Jimi Hendrix’s ‘Electric Ladyland’ Gets Massive Reissue for 50th Anniversary

Half a century ago, when Jimi Hendrix began work on what would become his the final album to come out in his lifetime, Electric Ladyland, he was finding inspiration everywhere. “Jimi was very much in the realm of experimentation,” says one of the album’s recording engineers, Eddie Kramer.

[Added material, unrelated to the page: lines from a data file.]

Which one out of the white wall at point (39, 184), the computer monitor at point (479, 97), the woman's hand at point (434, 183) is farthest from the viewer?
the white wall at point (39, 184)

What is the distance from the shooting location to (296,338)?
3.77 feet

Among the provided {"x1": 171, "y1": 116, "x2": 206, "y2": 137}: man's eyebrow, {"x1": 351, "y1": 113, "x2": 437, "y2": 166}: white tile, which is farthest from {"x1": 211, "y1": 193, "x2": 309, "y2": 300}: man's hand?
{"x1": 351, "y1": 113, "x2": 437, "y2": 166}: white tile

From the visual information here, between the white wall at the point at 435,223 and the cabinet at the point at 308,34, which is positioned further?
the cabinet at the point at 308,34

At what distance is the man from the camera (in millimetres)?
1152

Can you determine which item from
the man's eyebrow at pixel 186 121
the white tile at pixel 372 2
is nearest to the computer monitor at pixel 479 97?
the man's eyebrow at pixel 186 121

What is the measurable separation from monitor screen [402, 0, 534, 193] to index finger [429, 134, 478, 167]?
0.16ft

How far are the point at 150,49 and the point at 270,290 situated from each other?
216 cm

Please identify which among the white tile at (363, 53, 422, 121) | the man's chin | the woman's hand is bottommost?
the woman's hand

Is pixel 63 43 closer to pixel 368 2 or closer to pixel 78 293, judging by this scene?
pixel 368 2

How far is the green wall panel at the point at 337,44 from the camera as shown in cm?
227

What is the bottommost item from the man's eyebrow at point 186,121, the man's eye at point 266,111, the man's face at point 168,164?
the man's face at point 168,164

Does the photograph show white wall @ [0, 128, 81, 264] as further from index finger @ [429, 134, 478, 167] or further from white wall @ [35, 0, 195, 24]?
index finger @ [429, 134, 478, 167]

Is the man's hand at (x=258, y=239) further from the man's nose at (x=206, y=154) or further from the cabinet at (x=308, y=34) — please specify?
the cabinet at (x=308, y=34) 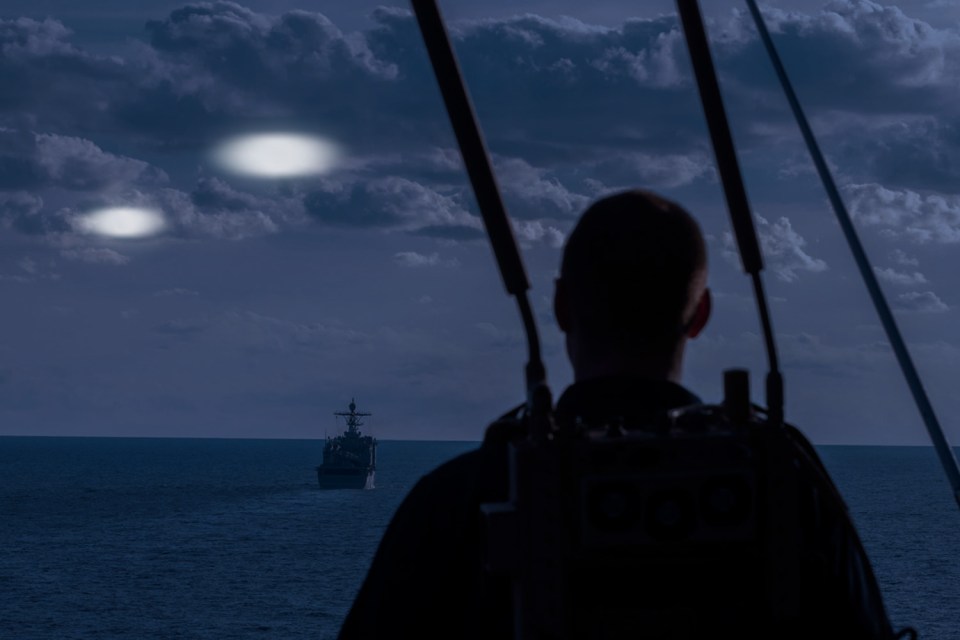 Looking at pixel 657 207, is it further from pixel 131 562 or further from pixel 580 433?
pixel 131 562

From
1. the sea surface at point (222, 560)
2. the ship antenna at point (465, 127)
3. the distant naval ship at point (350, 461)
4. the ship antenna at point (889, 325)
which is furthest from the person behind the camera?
the distant naval ship at point (350, 461)

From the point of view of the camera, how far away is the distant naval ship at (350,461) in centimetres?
15888

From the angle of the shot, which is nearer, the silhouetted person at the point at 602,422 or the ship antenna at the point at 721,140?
the silhouetted person at the point at 602,422

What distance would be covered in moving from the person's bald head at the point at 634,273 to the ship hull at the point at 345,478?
163m

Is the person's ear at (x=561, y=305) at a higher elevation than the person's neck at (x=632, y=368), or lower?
higher

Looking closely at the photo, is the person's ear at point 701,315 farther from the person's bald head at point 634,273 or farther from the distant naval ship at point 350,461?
the distant naval ship at point 350,461

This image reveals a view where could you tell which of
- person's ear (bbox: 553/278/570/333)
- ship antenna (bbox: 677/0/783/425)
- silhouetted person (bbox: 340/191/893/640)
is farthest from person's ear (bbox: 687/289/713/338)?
person's ear (bbox: 553/278/570/333)

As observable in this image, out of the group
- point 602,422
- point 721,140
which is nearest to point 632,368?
point 602,422

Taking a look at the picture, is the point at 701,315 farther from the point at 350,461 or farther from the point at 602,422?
the point at 350,461

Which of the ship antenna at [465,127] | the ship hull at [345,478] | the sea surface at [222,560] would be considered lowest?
the sea surface at [222,560]

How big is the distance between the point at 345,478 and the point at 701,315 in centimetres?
16884

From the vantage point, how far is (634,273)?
2.44 meters

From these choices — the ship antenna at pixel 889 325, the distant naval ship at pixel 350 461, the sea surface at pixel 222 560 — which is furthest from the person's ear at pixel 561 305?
the distant naval ship at pixel 350 461

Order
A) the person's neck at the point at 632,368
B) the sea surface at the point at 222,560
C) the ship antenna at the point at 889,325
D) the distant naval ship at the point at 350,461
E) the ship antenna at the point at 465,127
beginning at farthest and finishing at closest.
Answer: the distant naval ship at the point at 350,461 < the sea surface at the point at 222,560 < the ship antenna at the point at 889,325 < the person's neck at the point at 632,368 < the ship antenna at the point at 465,127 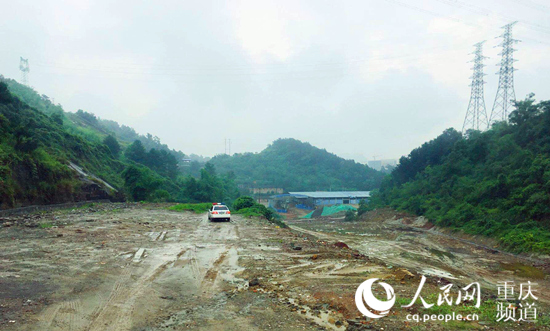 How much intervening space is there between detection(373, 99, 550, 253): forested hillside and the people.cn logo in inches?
798

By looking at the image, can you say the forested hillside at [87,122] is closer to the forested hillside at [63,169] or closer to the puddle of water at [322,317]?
the forested hillside at [63,169]

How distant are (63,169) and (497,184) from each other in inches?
1669

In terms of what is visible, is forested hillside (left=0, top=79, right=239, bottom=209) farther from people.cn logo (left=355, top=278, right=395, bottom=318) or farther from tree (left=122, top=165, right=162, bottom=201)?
people.cn logo (left=355, top=278, right=395, bottom=318)

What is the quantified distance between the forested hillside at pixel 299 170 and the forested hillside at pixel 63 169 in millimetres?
41168

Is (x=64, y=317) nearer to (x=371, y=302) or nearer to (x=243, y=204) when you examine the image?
(x=371, y=302)

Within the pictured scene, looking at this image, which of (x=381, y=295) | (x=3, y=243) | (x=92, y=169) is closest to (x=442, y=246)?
(x=381, y=295)

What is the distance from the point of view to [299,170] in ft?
426

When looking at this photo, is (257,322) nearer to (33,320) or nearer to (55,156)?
(33,320)

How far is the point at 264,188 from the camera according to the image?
374 ft

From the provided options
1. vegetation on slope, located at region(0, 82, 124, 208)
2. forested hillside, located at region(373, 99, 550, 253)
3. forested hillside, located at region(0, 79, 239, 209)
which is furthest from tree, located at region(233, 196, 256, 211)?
forested hillside, located at region(373, 99, 550, 253)

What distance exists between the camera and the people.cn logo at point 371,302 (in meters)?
6.93

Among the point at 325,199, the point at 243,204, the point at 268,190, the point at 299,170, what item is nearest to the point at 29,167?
the point at 243,204

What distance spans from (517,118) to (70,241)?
149ft

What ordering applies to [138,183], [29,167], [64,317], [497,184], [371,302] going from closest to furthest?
[64,317] → [371,302] → [29,167] → [497,184] → [138,183] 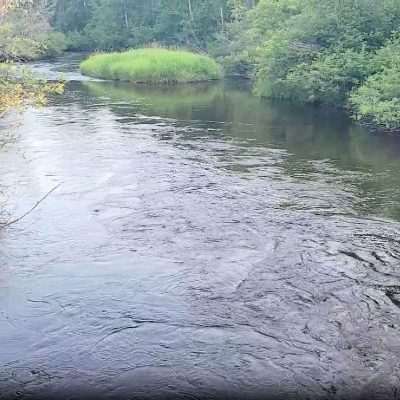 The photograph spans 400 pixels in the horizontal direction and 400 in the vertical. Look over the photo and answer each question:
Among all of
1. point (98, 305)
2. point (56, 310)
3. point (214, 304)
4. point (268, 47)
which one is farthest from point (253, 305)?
point (268, 47)

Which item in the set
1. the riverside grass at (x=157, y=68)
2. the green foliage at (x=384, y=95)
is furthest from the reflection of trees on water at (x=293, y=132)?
the riverside grass at (x=157, y=68)

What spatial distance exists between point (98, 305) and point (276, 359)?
8.27 ft

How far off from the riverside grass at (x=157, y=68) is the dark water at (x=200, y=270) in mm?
15906

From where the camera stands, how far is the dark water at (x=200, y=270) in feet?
20.7

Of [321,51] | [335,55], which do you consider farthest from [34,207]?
[321,51]

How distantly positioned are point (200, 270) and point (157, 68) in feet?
82.4

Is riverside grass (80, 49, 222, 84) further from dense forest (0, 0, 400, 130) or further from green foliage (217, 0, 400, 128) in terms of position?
green foliage (217, 0, 400, 128)

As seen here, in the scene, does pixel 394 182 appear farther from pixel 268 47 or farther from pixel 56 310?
pixel 268 47

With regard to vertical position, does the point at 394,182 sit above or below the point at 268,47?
below

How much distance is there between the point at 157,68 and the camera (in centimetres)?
3241

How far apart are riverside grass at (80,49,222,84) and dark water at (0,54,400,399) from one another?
15906 mm

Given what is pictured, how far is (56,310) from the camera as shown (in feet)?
25.1

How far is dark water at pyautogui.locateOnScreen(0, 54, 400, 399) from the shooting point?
20.7 feet

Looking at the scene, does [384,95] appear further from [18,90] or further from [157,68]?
[157,68] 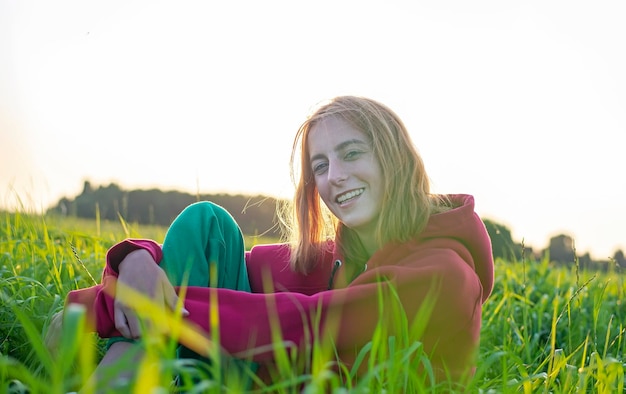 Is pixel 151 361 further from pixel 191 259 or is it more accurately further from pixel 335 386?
pixel 191 259

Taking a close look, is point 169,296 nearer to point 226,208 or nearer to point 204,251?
point 204,251

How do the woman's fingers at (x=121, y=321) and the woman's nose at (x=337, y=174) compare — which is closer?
the woman's fingers at (x=121, y=321)

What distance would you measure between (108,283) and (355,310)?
3.10 feet

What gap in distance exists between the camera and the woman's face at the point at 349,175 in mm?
3074

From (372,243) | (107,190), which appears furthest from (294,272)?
(107,190)

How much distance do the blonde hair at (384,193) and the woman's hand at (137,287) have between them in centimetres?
95

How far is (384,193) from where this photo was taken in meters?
3.12

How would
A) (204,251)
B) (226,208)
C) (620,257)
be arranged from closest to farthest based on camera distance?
(204,251) → (620,257) → (226,208)

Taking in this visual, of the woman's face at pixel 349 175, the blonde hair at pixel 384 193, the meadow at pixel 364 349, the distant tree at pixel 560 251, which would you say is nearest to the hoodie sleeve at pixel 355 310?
the meadow at pixel 364 349

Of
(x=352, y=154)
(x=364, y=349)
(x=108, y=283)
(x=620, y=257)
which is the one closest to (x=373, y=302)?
(x=364, y=349)

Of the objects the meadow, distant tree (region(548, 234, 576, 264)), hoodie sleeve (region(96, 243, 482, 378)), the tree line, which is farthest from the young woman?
distant tree (region(548, 234, 576, 264))

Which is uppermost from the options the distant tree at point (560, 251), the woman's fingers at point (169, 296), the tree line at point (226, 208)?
the woman's fingers at point (169, 296)

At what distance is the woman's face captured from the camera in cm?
307

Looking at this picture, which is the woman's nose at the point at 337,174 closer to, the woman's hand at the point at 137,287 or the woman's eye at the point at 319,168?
the woman's eye at the point at 319,168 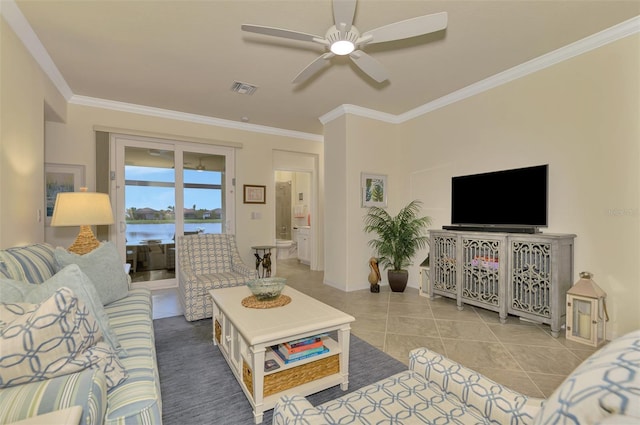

Kramer is seated in the control room of Electric Lady Studios, the New York studio Hendrix opened shortly before his death in 1970. “When I first started working with him, [Hendrix manager] Chas Chandler told me, ‘The rules are, “There are no rules.’ We could just kick down the doors to convention and experiment with wild things and Jimi’s sound.”
The results of their experimentation are all over Electric Ladyland, from an otherworldly phasing sound effect (“We were all freaked out by it,” Kramer recalls) to the different combos of musicians he brought in to jam with, such as members of Traffic and the Rolling Stones’ Brian Jones. A new, expanded box set release due out this fall will provide a 360-degree view of how it all came together. The Electric Ladyland deluxe edition will include the original album remastered, high-res audio, a 5.1 surround sound mix by Kramer, a disc of demos and outtakes and a live recording from about a month before its release along with a documentary about its creation.

The package, which comes out November 9th, will be available either as a three-CD and one Blu-ray set or a six-LP and one Blu-ray set. Famed engineer Bernie Grundman remastered the album from the original analog tapes and carried out an all-analog, direct-to-disc transfer for the vinyl edition. In addition to the documentary, titled At Last … the Beginning: The Making of Electric Ladyland, the Blu-rays contain the 5.1 surround sound mix and the original stereo mixes in 24-bit, 96 kHz sound. A pared-down version will be available on streaming services.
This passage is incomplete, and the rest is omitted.